(Data listing Opens)
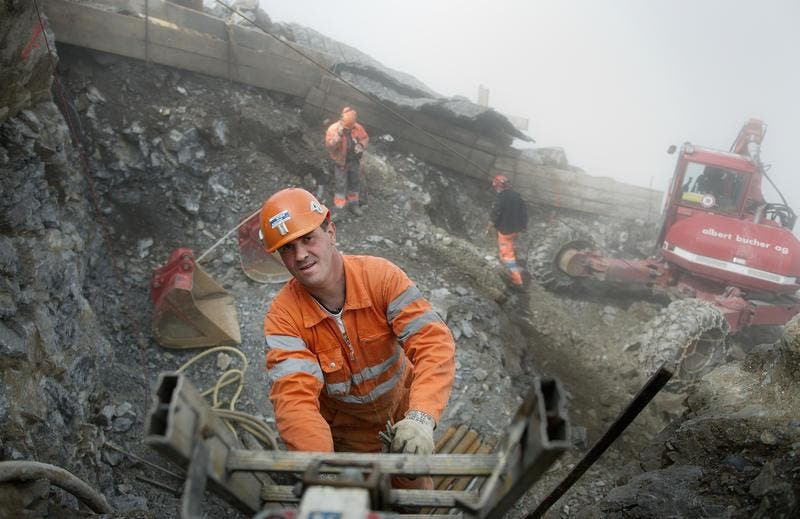Deshalb sind Spezialisten für hochalpine Bauarbeiten am Werk. (Bild: Corinne Glanzmann / Neue OZ)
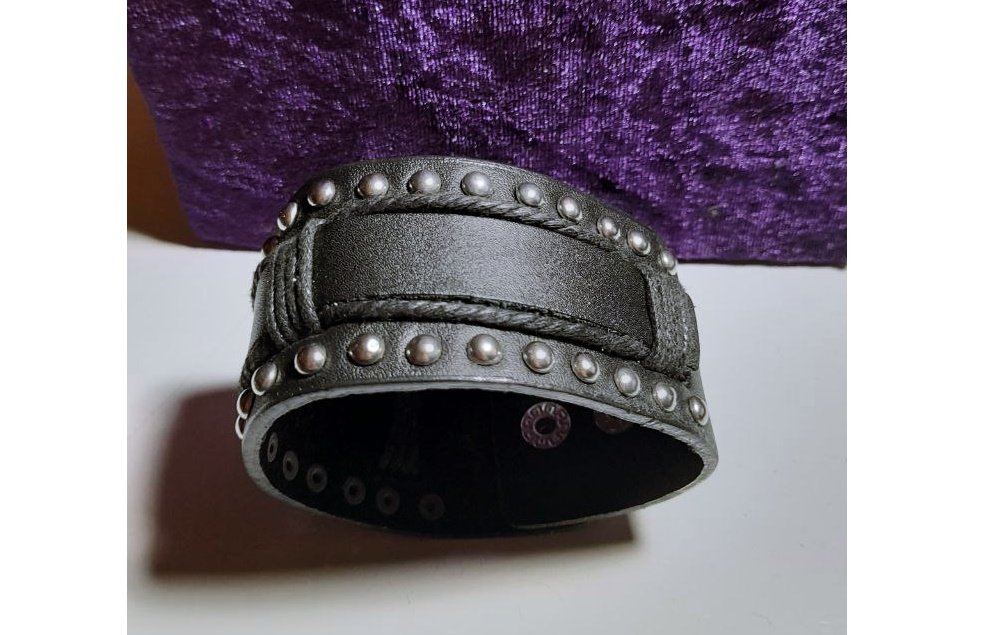 Lederarmband mit Nieten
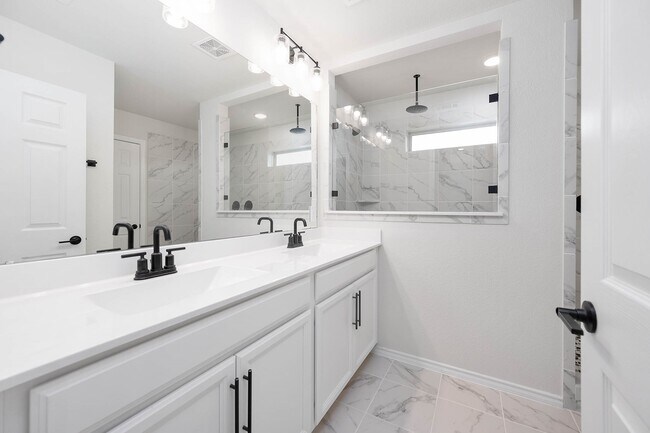 Building Photo - 3405 Knighton Hill Dr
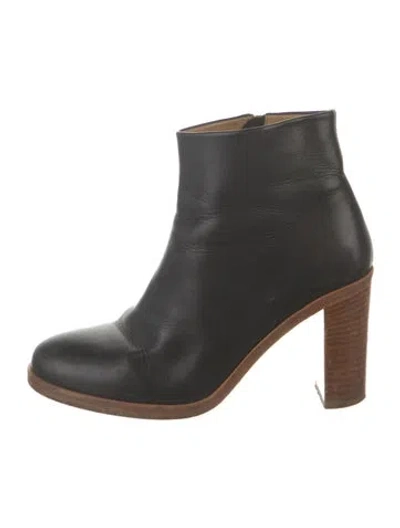 Pre-owned Apc Leather Boots In Black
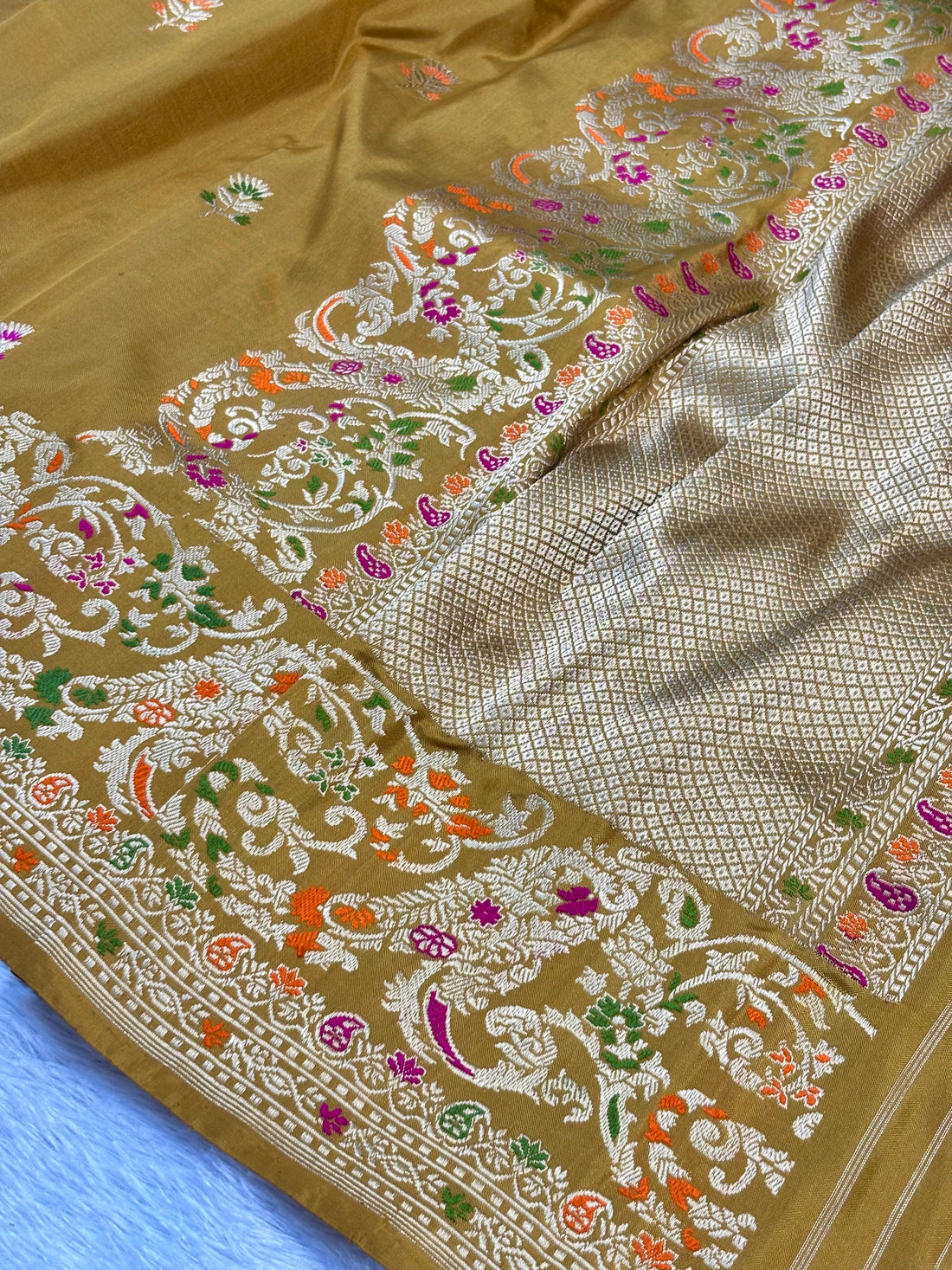 Mustard Shade Pure Handwoven Banarasi katan Silk Saree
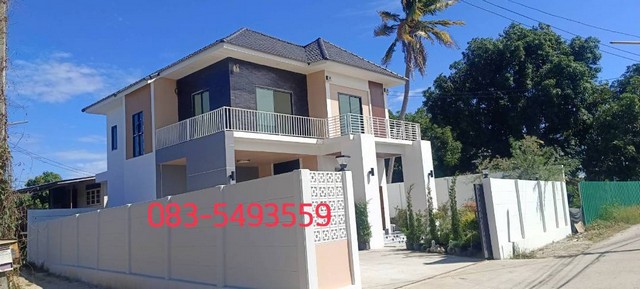 #ขายบ้านเดี่ยว 2ชั้น บ้านเพดานสูง ฟังก์ชั่นเด่น หน้ากว้าง-ชอบผ่อนต่ำ สินเชื่อเงินเหลือ จะชอบโปรไหน เลือกเองได้เลย กับโครงการบ้านมั่นคงทรัพย์#เนื้อที่ 80 ตร.ว. พื้นที่ใช้สอย 220 ตร.ม.-สไตล์แคนเทมโพรารี่-ใก้ล รร.อ่างทองปัทมโรจน์ 200 ม.-วัสดุอย่างดี ตบแต่งสวย พร้อมเข้าอยู่-อยู่ในแหล่งชุมชน ใกล้ตลาดอ่างทอง 3 กม.-ใกล้ห้างLotus , Big C , Global House 1.5 กม.-ใกล้ถนนสายเอเซีย ขึ้นเหนือหรือเข้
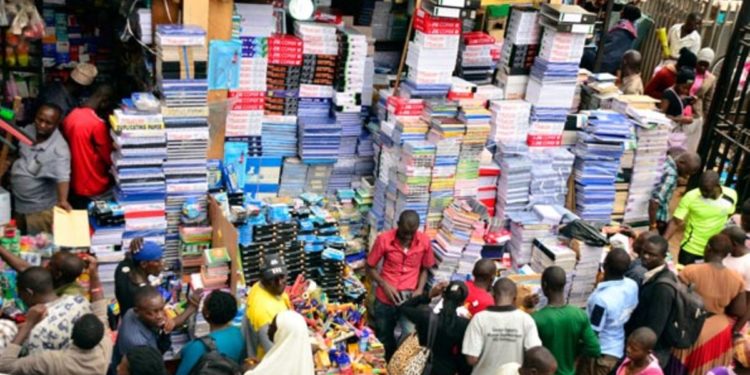 Traders threaten to shun taxes over bad roads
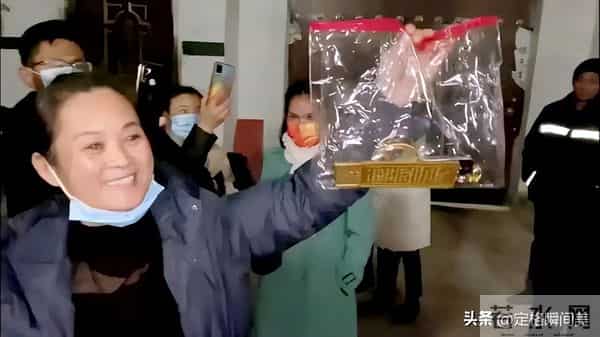 女儿订婚、陈萌孝顺！大衣哥三喜临门站上人生巅峰，亚男错失躺赢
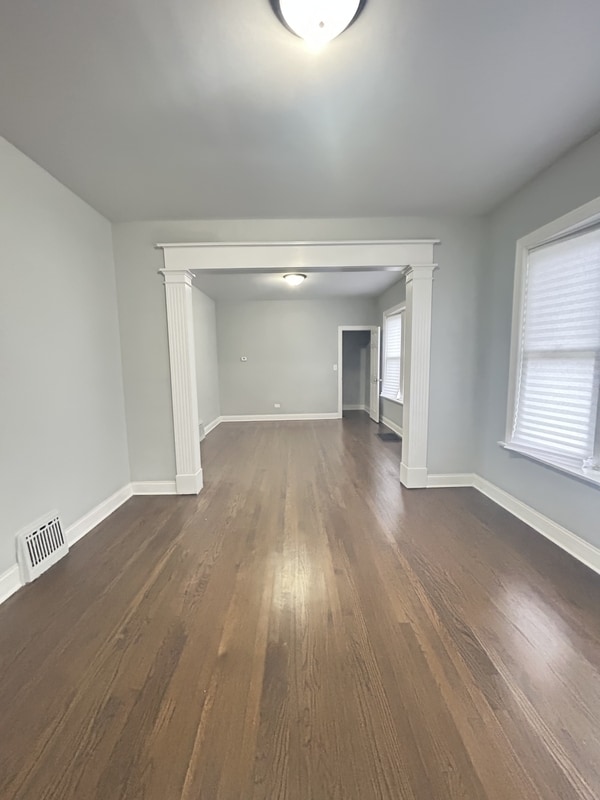 Building Photo - 1852 W 58th St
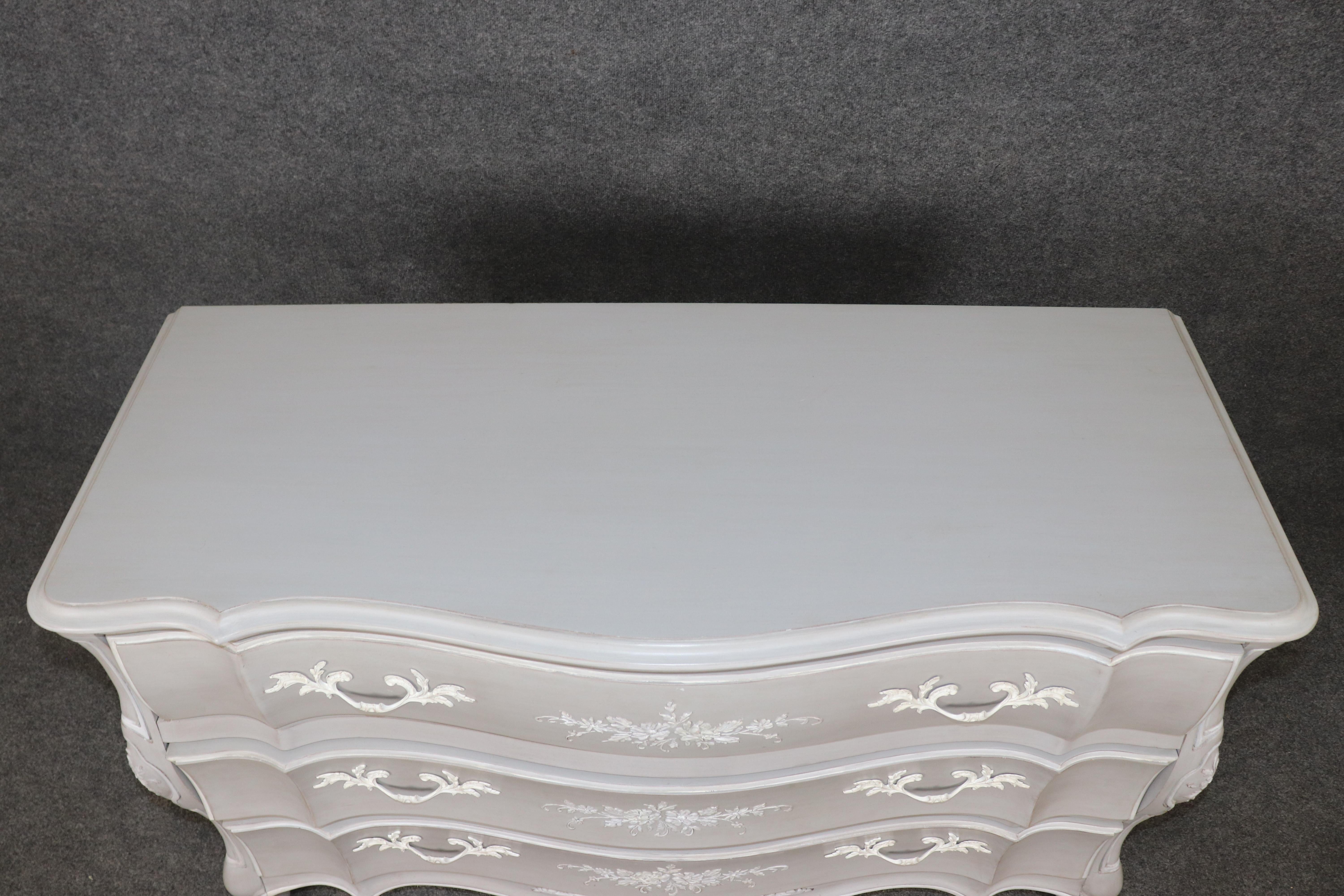 Noce Contemporary Hand-Painted Serpentine Gray and White Painted Commode Dresser in vendita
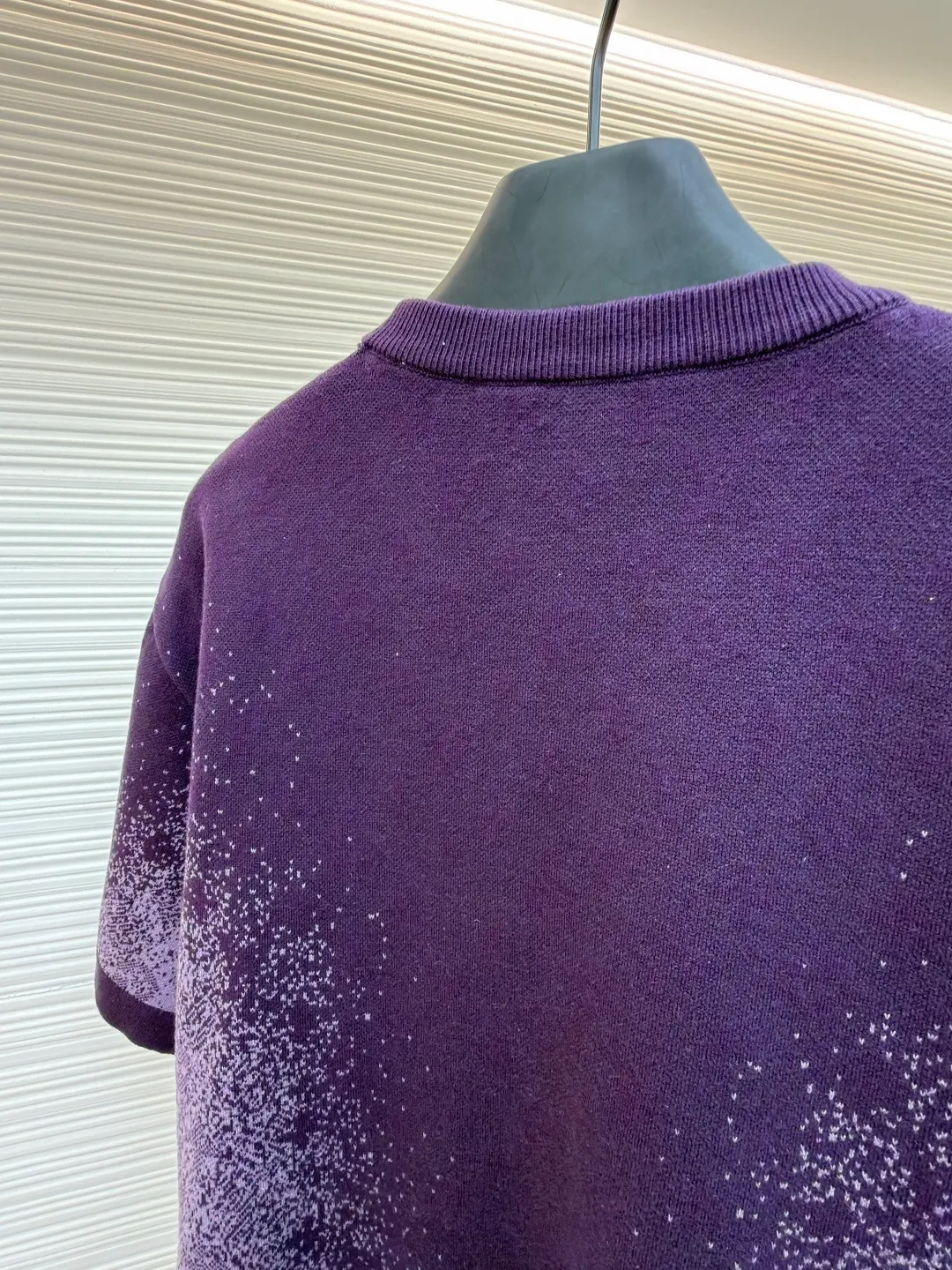 LOUIS VUITTON letter dark pattern jacquard gradient knitted sweater short sleeves ●Original version: purchased and developed for 11300 ●Item number: 1682321-A95 ●Fabric: cotton fabric ●Technology: knitted production ●Color: purple gradient ●Version: fitted version ●Weight: about 485 grams ●Size: S-M-L-XL ●Description: This Louis Vuitton purple knitted short-sleeve is woven with high-count worsted wool blended yarn. A 16-needle fine plain weave base is created by a double needle bed knitting machine to ensure that the fabric is stiff and skin-friendly. The body of the garment uses a gradient inkjet printing process, using digital inkjet printing technology with micron-level precision positioning, to attach purple-toned metallic glitter to the knitted surface in a gradient pattern from dark to light. The glitter particles are treated with high-temperature color fixation, making them resistant to friction and not easy to fall off. The neckline adopts double-layer ribbing process, which is not easy to deform after pre-shrinking treatment. The shoulders are designed with seamless one-piece raglan sleeves to reduce seam friction. The overall cut is a micro-profile off-shoulder version, combined with invisible side slits, which not only ensures wearing comfort, but also presents a high-end three-dimensional wearing effect. Every craft detail is polished in accordance with the brand's strict quality control standards. The overall wiring is straight and delicate, the fabric is comfortable and soft, and the color is consistent without color difference. It can be matched with the same style to create a fashionable look and control various occasions. Customized accessories, complete with three standards, same style for men and women!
(Data listing Closes)
- What you will do
Only lines belong in the copy, not pictures: write out exactly the lines of the records from the first through the one holding "Mustard Shade Pure".

- Response to this exercise
Deshalb sind Spezialisten für hochalpine Bauarbeiten am Werk. (Bild: Corinne Glanzmann / Neue OZ)
 Lederarmband mit Nieten
 Building Photo - 3405 Knighton Hill Dr
 Pre-owned Apc Leather Boots In Black
 Mustard Shade Pure Handwoven Banarasi katan Silk Saree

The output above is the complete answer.